**About this task:** I need all of the entries printed exactly.
(Task inputs Opens)
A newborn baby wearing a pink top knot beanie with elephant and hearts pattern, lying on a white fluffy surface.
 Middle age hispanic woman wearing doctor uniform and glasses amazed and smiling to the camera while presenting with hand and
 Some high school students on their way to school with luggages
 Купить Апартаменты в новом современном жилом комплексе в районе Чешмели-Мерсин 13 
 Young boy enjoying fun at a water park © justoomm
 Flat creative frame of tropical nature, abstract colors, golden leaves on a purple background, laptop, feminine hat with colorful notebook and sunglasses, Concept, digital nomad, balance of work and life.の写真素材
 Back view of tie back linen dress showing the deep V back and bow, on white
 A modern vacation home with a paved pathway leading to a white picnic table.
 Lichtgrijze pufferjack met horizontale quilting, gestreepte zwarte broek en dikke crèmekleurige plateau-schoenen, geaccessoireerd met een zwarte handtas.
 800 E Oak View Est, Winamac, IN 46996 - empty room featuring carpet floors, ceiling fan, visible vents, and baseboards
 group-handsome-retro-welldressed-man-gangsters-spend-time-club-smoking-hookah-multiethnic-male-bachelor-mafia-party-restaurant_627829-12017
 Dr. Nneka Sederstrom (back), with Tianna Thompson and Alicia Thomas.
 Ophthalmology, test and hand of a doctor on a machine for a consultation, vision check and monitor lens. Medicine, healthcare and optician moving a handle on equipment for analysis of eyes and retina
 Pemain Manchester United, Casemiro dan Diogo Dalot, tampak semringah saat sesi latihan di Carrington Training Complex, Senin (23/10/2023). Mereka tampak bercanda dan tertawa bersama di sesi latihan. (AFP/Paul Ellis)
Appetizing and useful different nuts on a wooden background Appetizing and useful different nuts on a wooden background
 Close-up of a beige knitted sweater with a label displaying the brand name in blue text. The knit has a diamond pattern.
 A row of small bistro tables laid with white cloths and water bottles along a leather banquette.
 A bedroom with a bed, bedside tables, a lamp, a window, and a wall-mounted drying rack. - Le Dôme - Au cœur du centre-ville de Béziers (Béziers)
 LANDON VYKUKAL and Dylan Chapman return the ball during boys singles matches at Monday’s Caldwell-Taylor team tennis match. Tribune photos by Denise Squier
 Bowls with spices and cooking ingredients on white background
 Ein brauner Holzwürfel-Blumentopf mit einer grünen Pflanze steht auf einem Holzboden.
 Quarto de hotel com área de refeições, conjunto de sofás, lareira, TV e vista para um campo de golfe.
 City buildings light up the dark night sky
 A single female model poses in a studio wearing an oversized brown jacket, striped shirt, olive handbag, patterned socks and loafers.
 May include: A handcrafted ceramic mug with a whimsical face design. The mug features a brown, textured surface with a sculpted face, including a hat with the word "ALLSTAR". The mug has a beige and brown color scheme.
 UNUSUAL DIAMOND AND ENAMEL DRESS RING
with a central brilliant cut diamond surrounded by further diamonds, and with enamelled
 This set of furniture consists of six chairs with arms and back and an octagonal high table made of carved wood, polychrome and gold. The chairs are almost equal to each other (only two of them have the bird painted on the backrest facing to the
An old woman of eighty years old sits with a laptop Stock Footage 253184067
(Task inputs Closes)
**Response to this task:**
A newborn baby wearing a pink top knot beanie with elephant and hearts pattern, lying on a white fluffy surface.
 Middle age hispanic woman wearing doctor uniform and glasses amazed and smiling to the camera while presenting with hand and
 Some high school students on their way to school with luggages
 Купить Апартаменты в новом современном жилом комплексе в районе Чешмели-Мерсин 13 
 Young boy enjoying fun at a water park © justoomm
 Flat creative frame of tropical nature, abstract colors, golden leaves on a purple background, laptop, feminine hat with colorful notebook and sunglasses, Concept, digital nomad, balance of work and life.の写真素材
 Back view of tie back linen dress showing the deep V back and bow, on white
 A modern vacation home with a paved pathway leading to a white picnic table.
 Lichtgrijze pufferjack met horizontale quilting, gestreepte zwarte broek en dikke crèmekleurige plateau-schoenen, geaccessoireerd met een zwarte handtas.
 800 E Oak View Est, Winamac, IN 46996 - empty room featuring carpet floors, ceiling fan, visible vents, and baseboards
 group-handsome-retro-welldressed-man-gangsters-spend-time-club-smoking-hookah-multiethnic-male-bachelor-mafia-party-restaurant_627829-12017
 Dr. Nneka Sederstrom (back), with Tianna Thompson and Alicia Thomas.
 Ophthalmology, test and hand of a doctor on a machine for a consultation, vision check and monitor lens. Medicine, healthcare and optician moving a handle on equipment for analysis of eyes and retina
 Pemain Manchester United, Casemiro dan Diogo Dalot, tampak semringah saat sesi latihan di Carrington Training Complex, Senin (23/10/2023). Mereka tampak bercanda dan tertawa bersama di sesi latihan. (AFP/Paul Ellis)
Appetizing and useful different nuts on a wooden background Appetizing and useful different nuts on a wooden background
 Close-up of a beige knitted sweater with a label displaying the brand name in blue text. The knit has a diamond pattern.
 A row of small bistro tables laid with white cloths and water bottles along a leather banquette.
 A bedroom with a bed, bedside tables, a lamp, a window, and a wall-mounted drying rack. - Le Dôme - Au cœur du centre-ville de Béziers (Béziers)
 LANDON VYKUKAL and Dylan Chapman return the ball during boys singles matches at Monday’s Caldwell-Taylor team tennis match. Tribune photos by Denise Squier
 Bowls with spices and cooking ingredients on white background
 Ein brauner Holzwürfel-Blumentopf mit einer grünen Pflanze steht auf einem Holzboden.
 Quarto de hotel com área de refeições, conjunto de sofás, lareira, TV e vista para um campo de golfe.
 City buildings light up the dark night sky
 A single female model poses in a studio wearing an oversized brown jacket, striped shirt, olive handbag, patterned socks and loafers.
 May include: A handcrafted ceramic mug with a whimsical face design. The mug features a brown, textured surface with a sculpted face, including a hat with the word "ALLSTAR". The mug has a beige and brown color scheme.
 UNUSUAL DIAMOND AND ENAMEL DRESS RING
with a central brilliant cut diamond surrounded by further diamonds, and with enamelled
 This set of furniture consists of six chairs with arms and back and an octagonal high table made of carved wood, polychrome and gold. The chairs are almost equal to each other (only two of them have the bird painted on the backrest facing to the
An old woman of eighty years old sits with a laptop Stock Footage 253184067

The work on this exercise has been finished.